[Date Prev][Date Next] [Thread Prev][Thread Next] [Date Index] [Thread Index]

Re: limits for package name and version (MBF alert: ... .deb filenames)



Henrique de Moraes Holschuh <hmh <at> debian.org> writes:
> On Tue, 26 Apr 2011, Adam Borowski wrote:
> > Telling someone "the bug is in a version I pulled from the VCS but didn't
> > bother noting down which version it was" is not very useful.
> 
> Now you're being silly.
> 
> All you need is the proper date and time to use as a version (for
> ordering), and a proper debian/changelog entry:
> 
>   * New upstream source (git://blah, commit "blah: did something",
>     [#12030a47ebafdcd]).
> 
> I.e. the best current practice.  How surprising.  Now you either tell

Using date and time as a version is not current best practice. You'll still need
the upstream version part too to sort correctly relative to released versions.
So you'll have the latest upstream version tag, followed by a long timestamp.
That's no shorter than typical 'git describe' output, just a lot less functional.

> upstream when you checked out his tree (and he can locate the commit by
> date/time), or look the hash in debian/changelog and tell him that, and
> he might be able to locate the commit even on rebased trees.

It's naive to think that identifying revisions by timestamp would be that simple
when dealing with distributed revision control systems. There are at least 3
different timestamp types that are relevant to git:

1) The closest analogue to traditional "svn2005...." versions would be the time
when the commit appeared in a certain branch on a canonical central server.
However, information about when the commits were pushed to a particular server
is not stored in the repository history. Thus this form cannot be used for DVCS.

2) The author timestamps stored in commits are the timestamps most prominently
displayed by various tools. However they're not ordered as those timestamps can
come from commits cherry-picked in arbitrary order.
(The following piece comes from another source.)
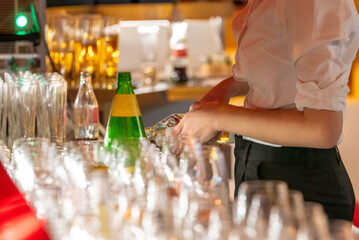 waitress pours water in glasses at an evenening event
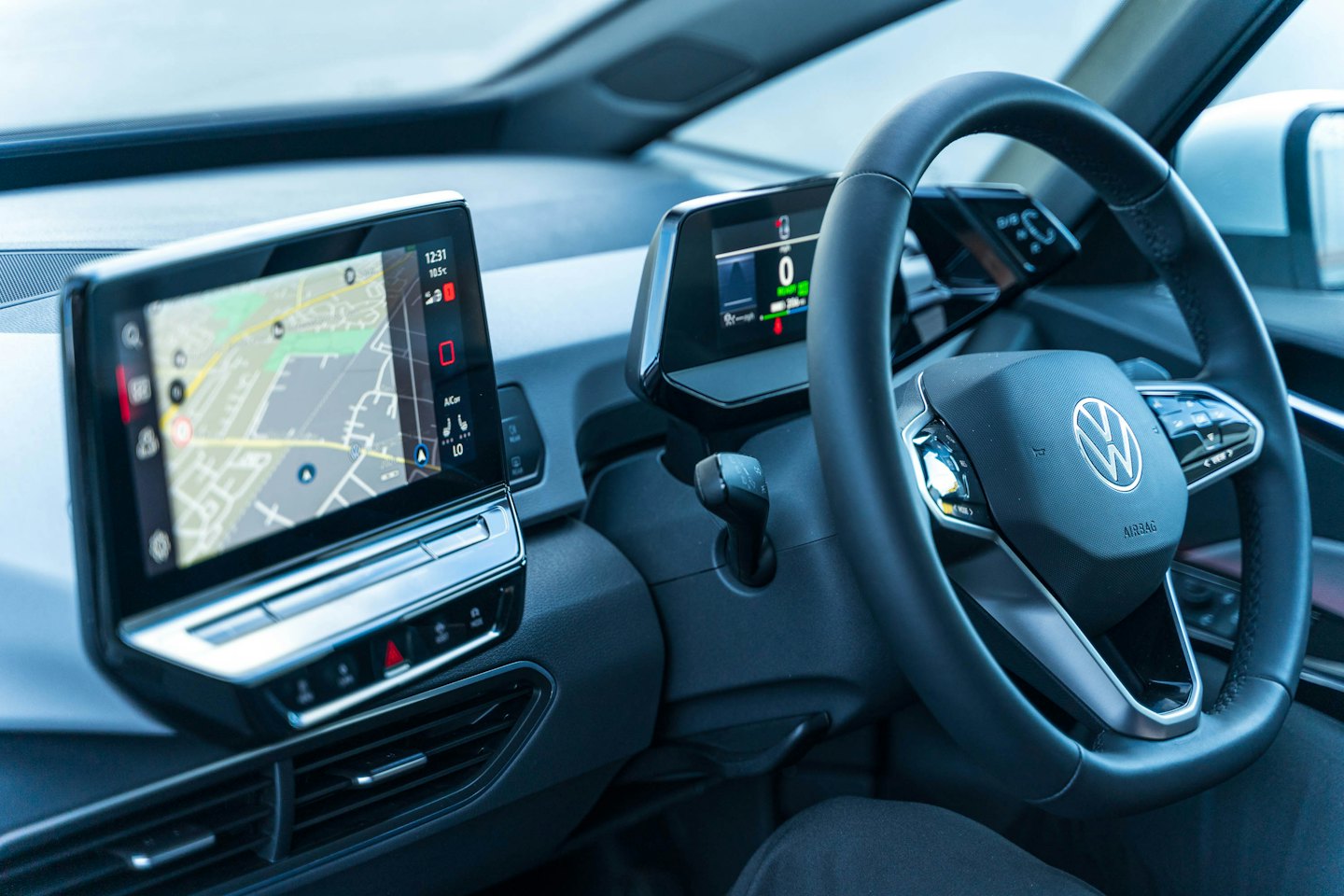 Modern car dashboard displaying a digital GPS map.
3) The stored committer timestamps are the most realistic alternative, but still
not a good one. If there is only a single relevant "master" branch from which
packaged versions will be taken, history of that branch is never modified, and
everyone creating commits sets the timestamps accurately, then in that case they
will be ordered. But they don't match the time when the changes were publicly
visible, and even less when they were available in that particular master
branch. Also one-second accuracy in version timestamps would not be enough to
identify a particular revision. Cherry-picking, rebasing or applying a series of
mailed patches can create a long run of closely spaced committer timestamps very
rapidly (and rebasing here can be before the changes are first made public, so
would occur in projects that do not modify public history).

Your above "tell upstream when you checked out his tree and he can locate the
commit by date/time" would only work properly for timestamps of type 1). But
that's not an at all realistic alternative.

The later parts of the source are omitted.